The last thing many people want to hear today, and somehow know that they do not dare to hear, is how everything is related to Christ.


While reading Scripture or other sources like Aquinas, Plato, or even P G. Wodehouse, we often have to stop and think.  Previously, we may have read this or that passage several times.  Yet on re-reading it, we realize that we did not grasp what it really said.  For instance, I was reading in the Breviary a passage from the tenth chapter of Paul's Second Letter to the Corinthians.  This is what he said: "We demolish sophistries and every proud pretension that raises itself against the knowledge of God; we likewise bring every thought into captivity to make it obedient to Christ."  We are here reminded of Plato's intense dislike of the sophists.  A sophist is someone, usually learned, who uses reason to obscure or undermine reason.  It's not a rare species.

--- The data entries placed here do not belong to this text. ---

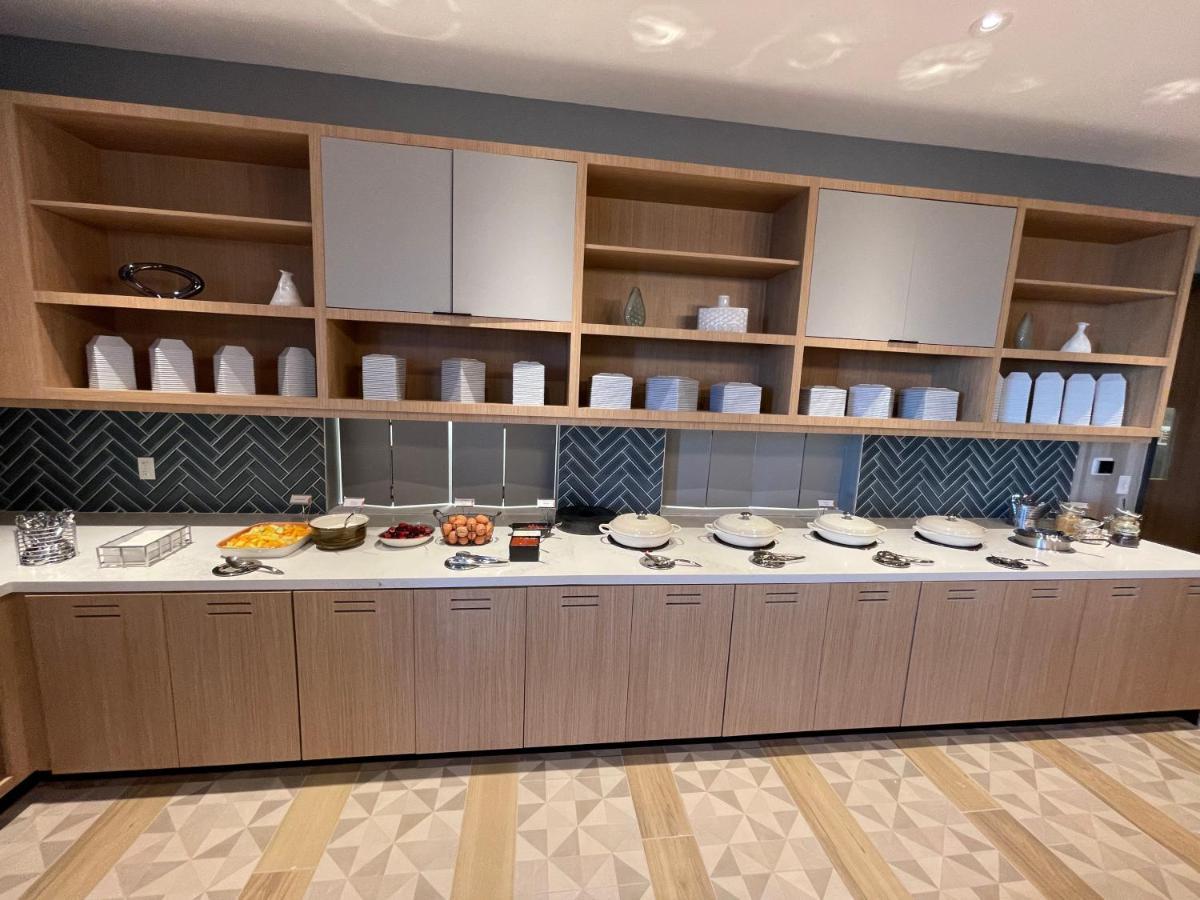Hyatt Place Melbourne Airport, Fl Esterno foto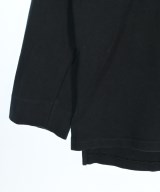 CURLY（カーリー）Tシャツ・カットソー 黒 サイズ:3(L位) メンズ/2200713149111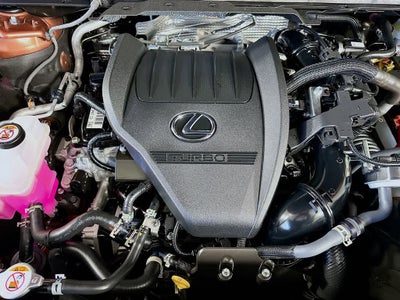 Lexus RX Premium Plus 2025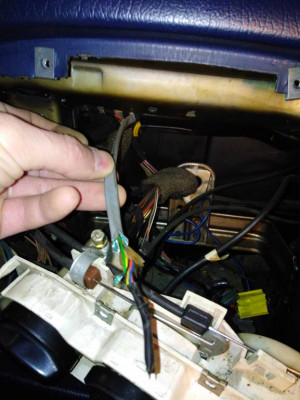 лампочка в прикуривателе и регуляторе заднего отопителя Шаран Альхамбра Гэлакси 1996-2000 - IMG_20200115_152755.jpg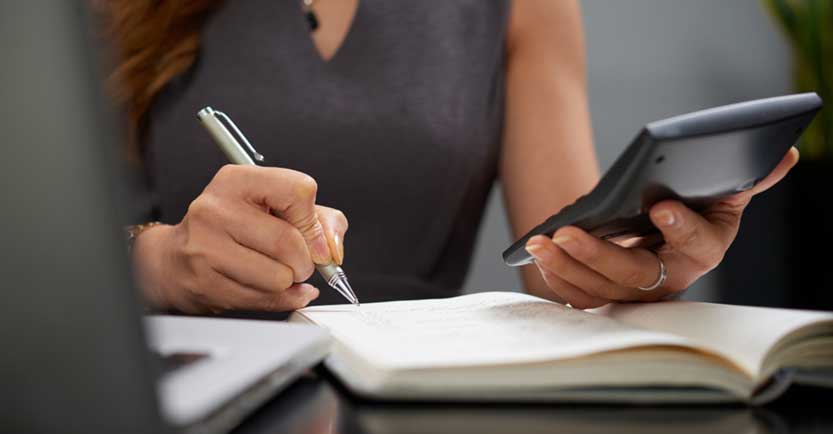 Previsao Orçamentaria para condominio-PACTO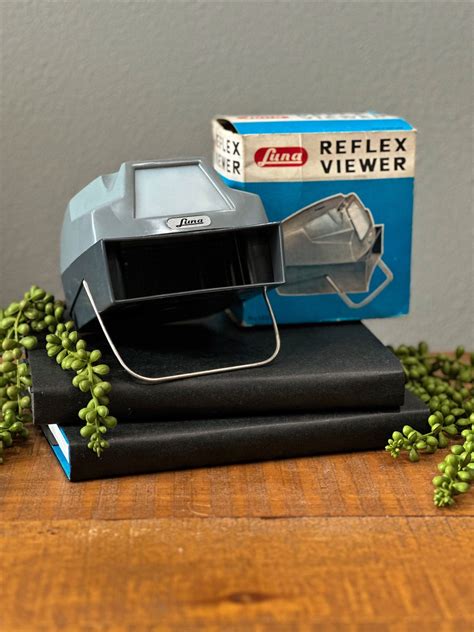 Slide Viewer Etsy
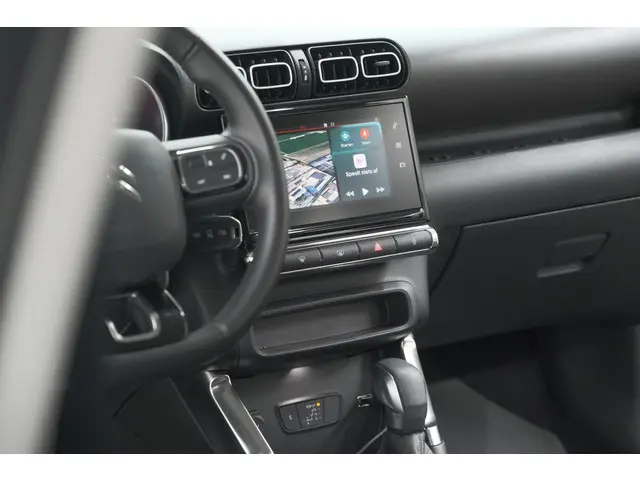 Citroën C3 Aircross PureTech 130 EAT6 Plus 2024 Benzine 3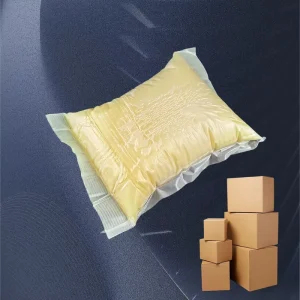 Corrugated Sheet Hot Melt Adhesive for Carton Lamination Bonding with Medium Viscosity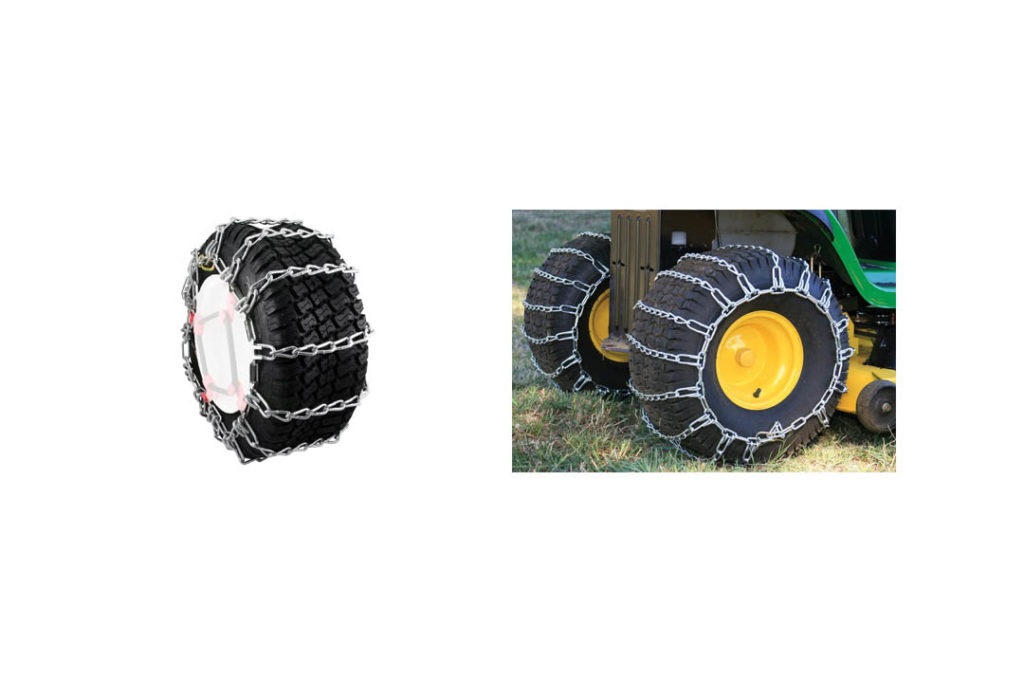 Top 10 Best Snow Blower Tire Chains in 2024 Reviews CAM Math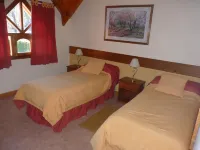 Hosteria Maiten Escondido - 3-Star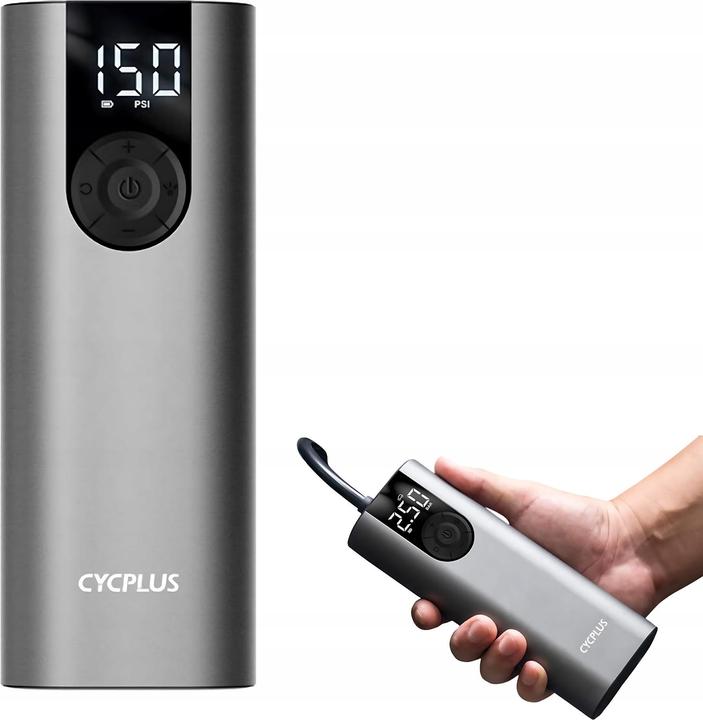Produktbild Cycplus A8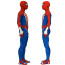 Spider-Man 2 Spider-Man Advance Suit 2.0 Costume -  Bodysuit Mask Spider Man Cosplay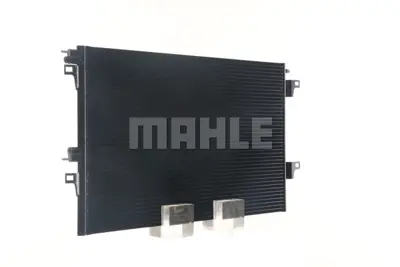 BEHR MAHLE AC 355 000S A/C Condenserrenault Espace Iv 8200033733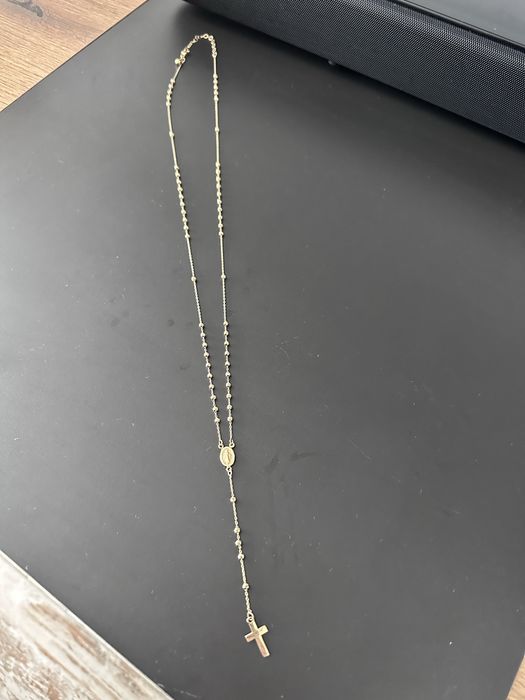 Vand rozaliu aur,nou!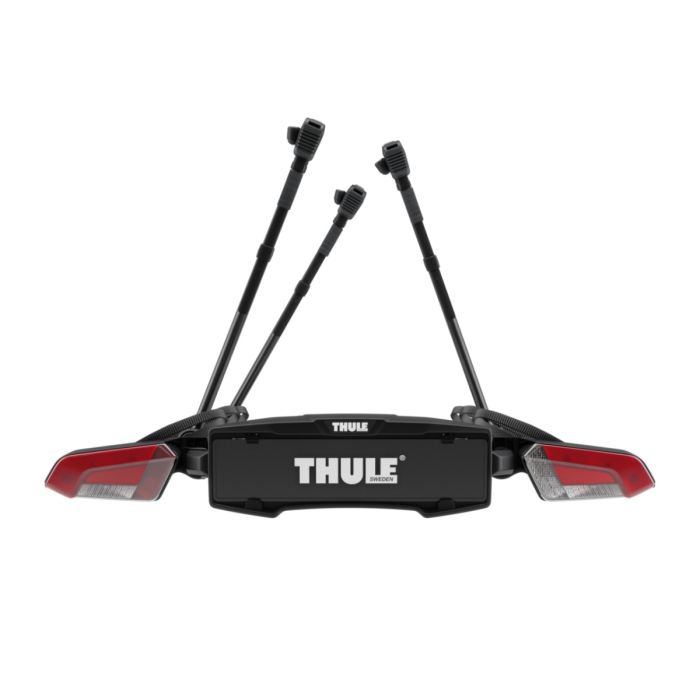 Suport biciclete Thule VeloLite cu prindere pe carligul de remorcare - pentru 3 biciclete [3]
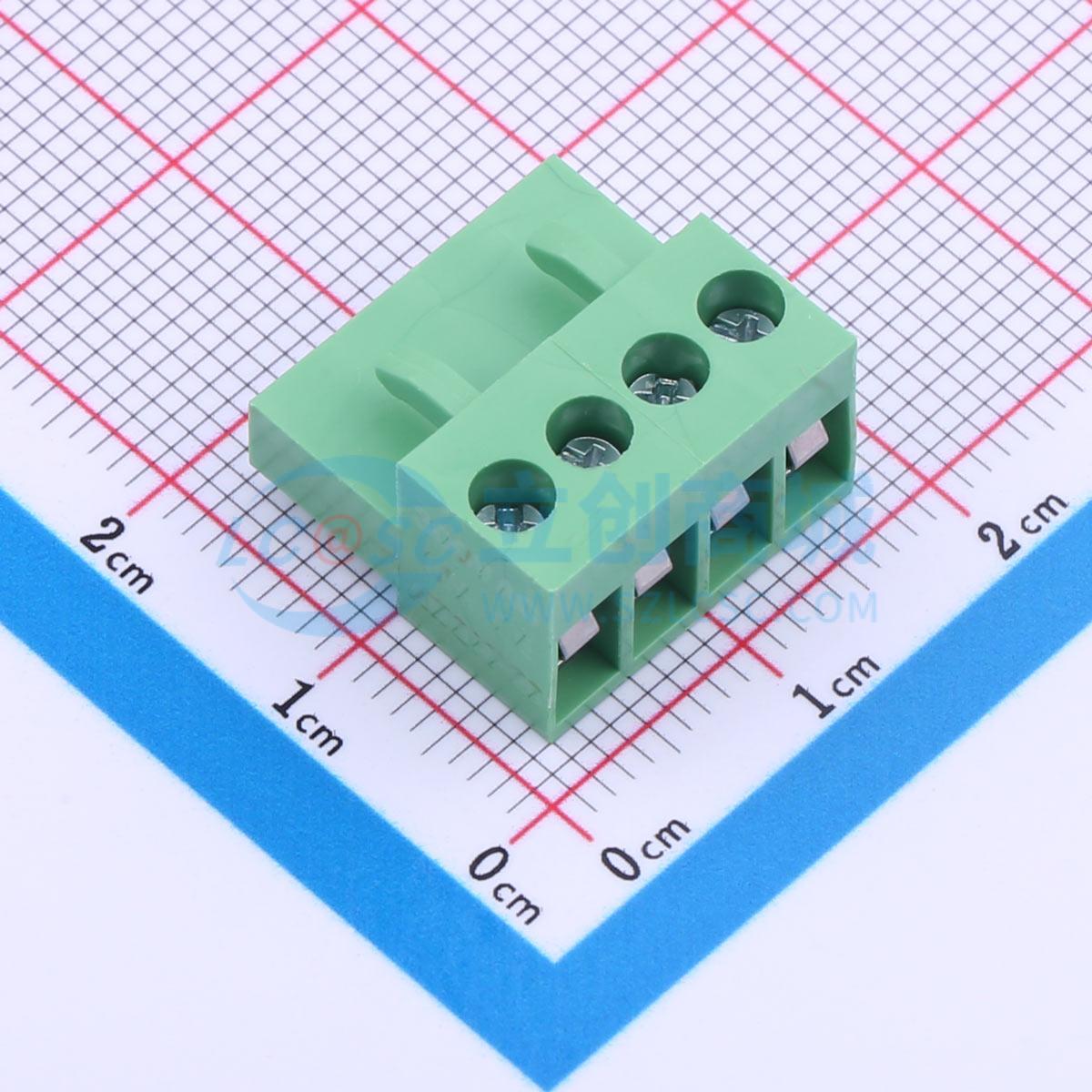 点击查看大图 JL396-39604G01实物图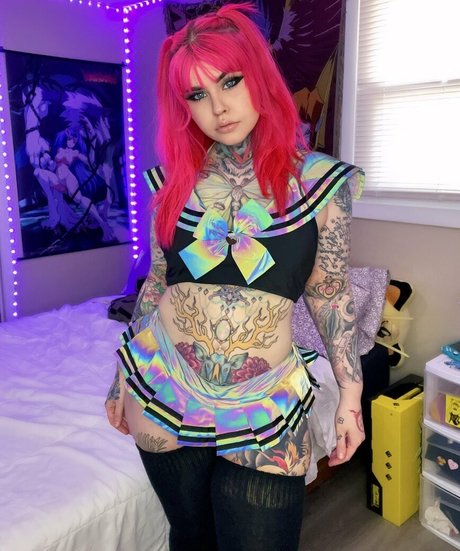 Syrencove nus star du porno archive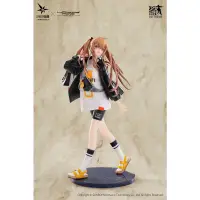 在飛比找蝦皮購物優惠-【HQTOYS】25年1月預購 HOBBY MAX 少女前線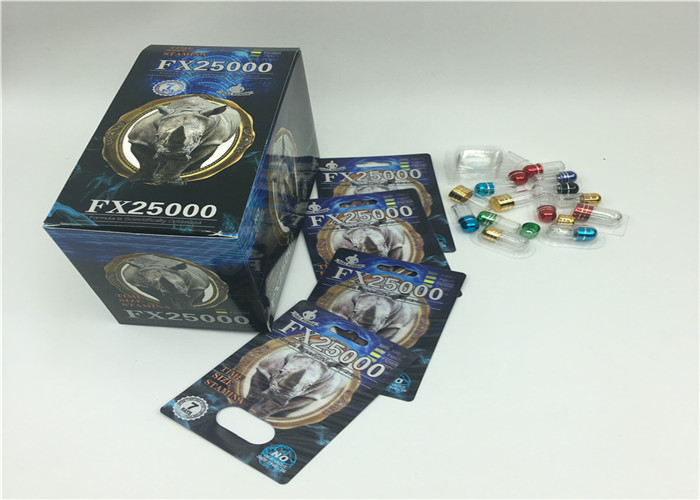 까만 Mamba 3D 효력 물집 카드 주문을 받아서 만들어진 포장 캡슐 성 알약은 디자인합니다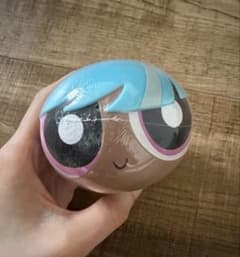 パワーパフガールズ BIGカプキャラ　ブリスのサムネイル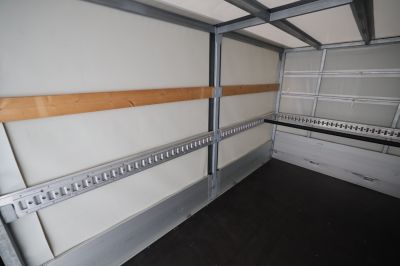 Mercedes-Benz Sprinter Gebrauchtwagen Mercedes-Benz Sprinter Gebrauchtwagen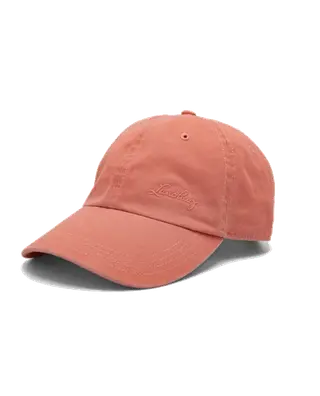 Produktfoto för Lundhags Dad Cap Black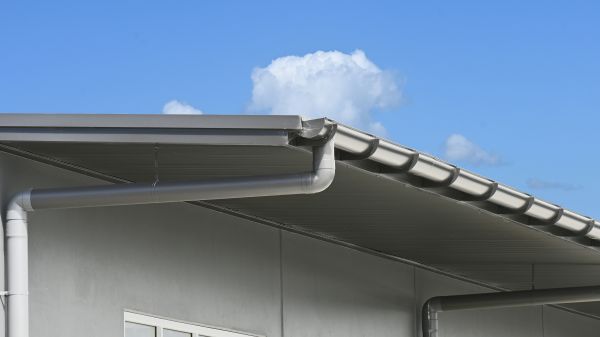 Eavestrough Service in Winder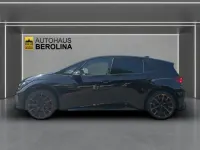 Neu Cupra Born VZ2 239 kW (326 PS) 2026 Schwarz Kleinwagen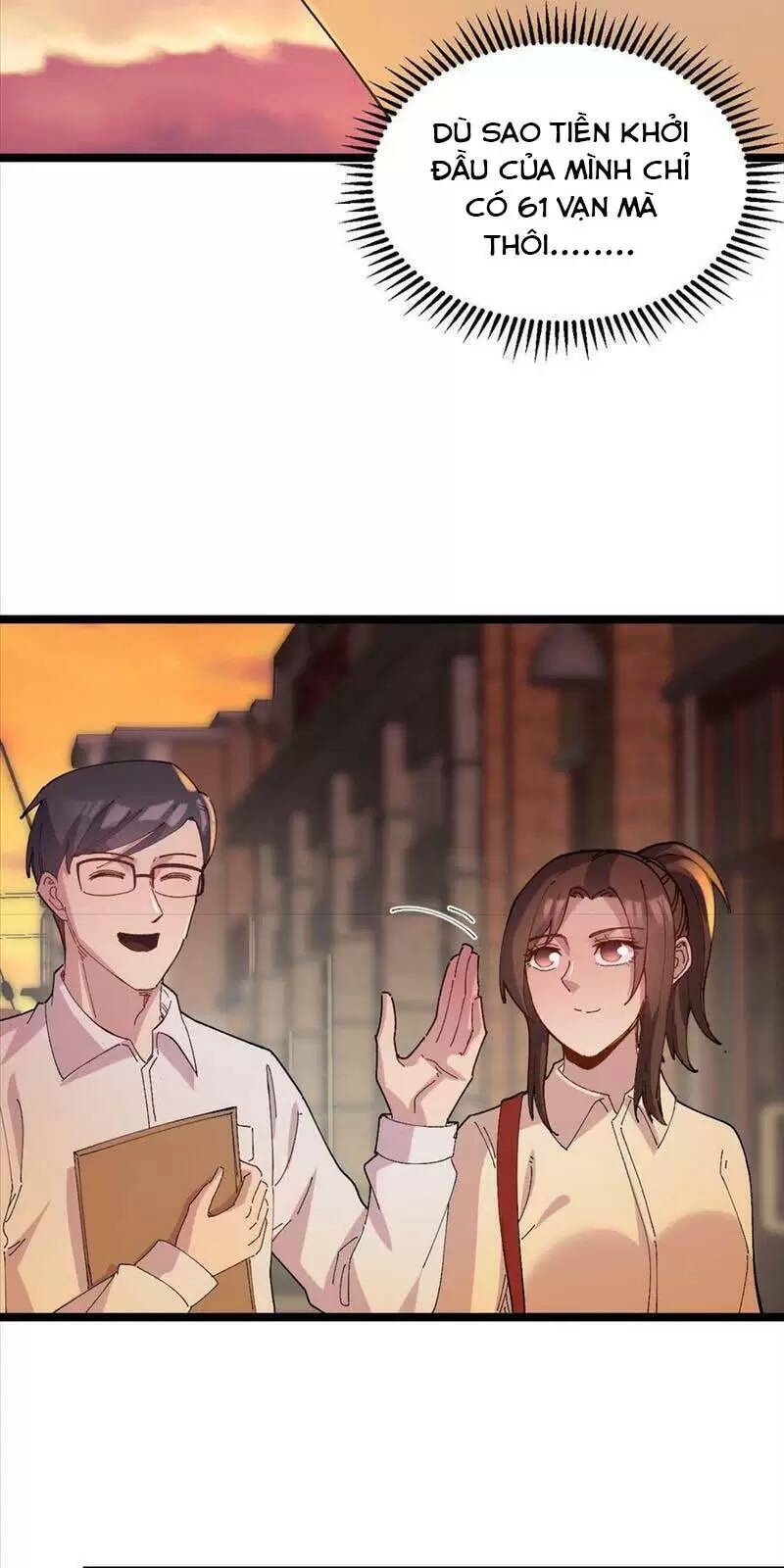Trùng Sinh Trở Lại 1983 Làm Phú Hào: Chapter 143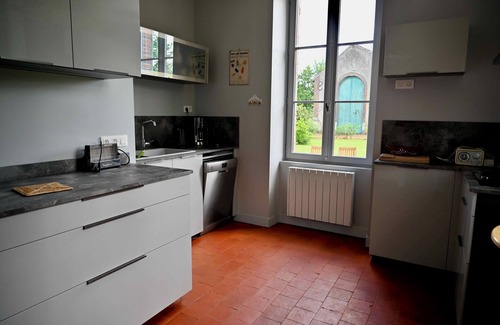 Dampierre-en-Burly House | Luxury gite for 6 people located 12km from Gien and Sully-sur-Loire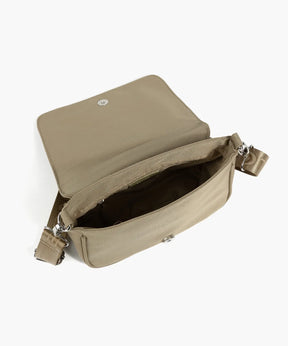 Cartera Bandolera Solapa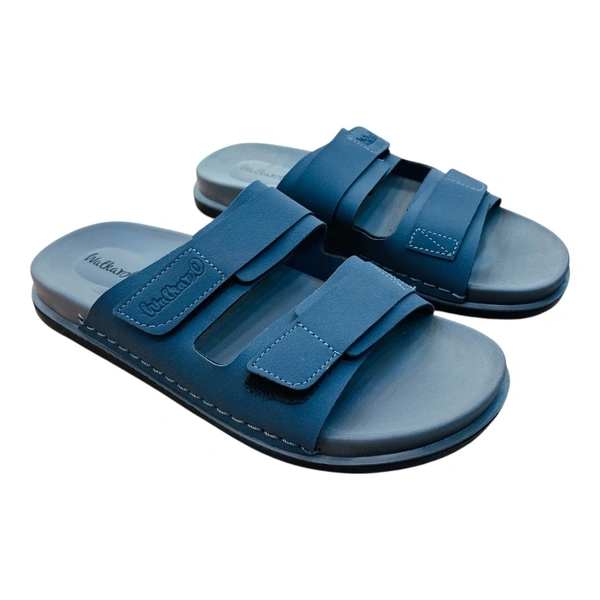 Walkaroo  Formal Champal ( WE 1347 ) - 8, BLUE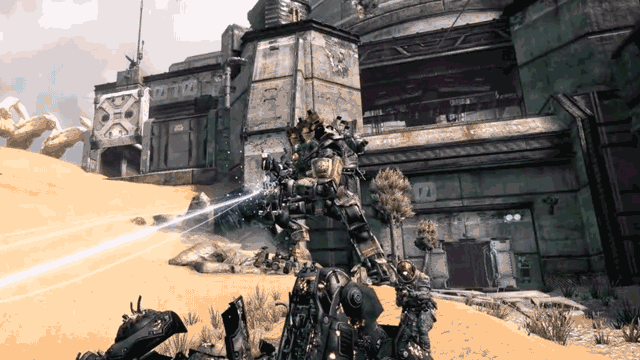 The Titanfall Hype, Explained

This possibility of using reason against itself is why the beginning of philosophy is, to use Aristotle's title, "the refutation of sophistry."  "Now for some people," Aristotle observed, "it is better worth while to seem to be wise, than to be wise without seeming to be (for the art of the sophist is the semblance of wisdom, without the reality); and the sophist is one who makes money from an apparent but unreal wisdom."  (165a17-18) Paul, however, prefers sophists to be "demolished," not just "refuted" or exposed as pursuers of money rather than wisdom.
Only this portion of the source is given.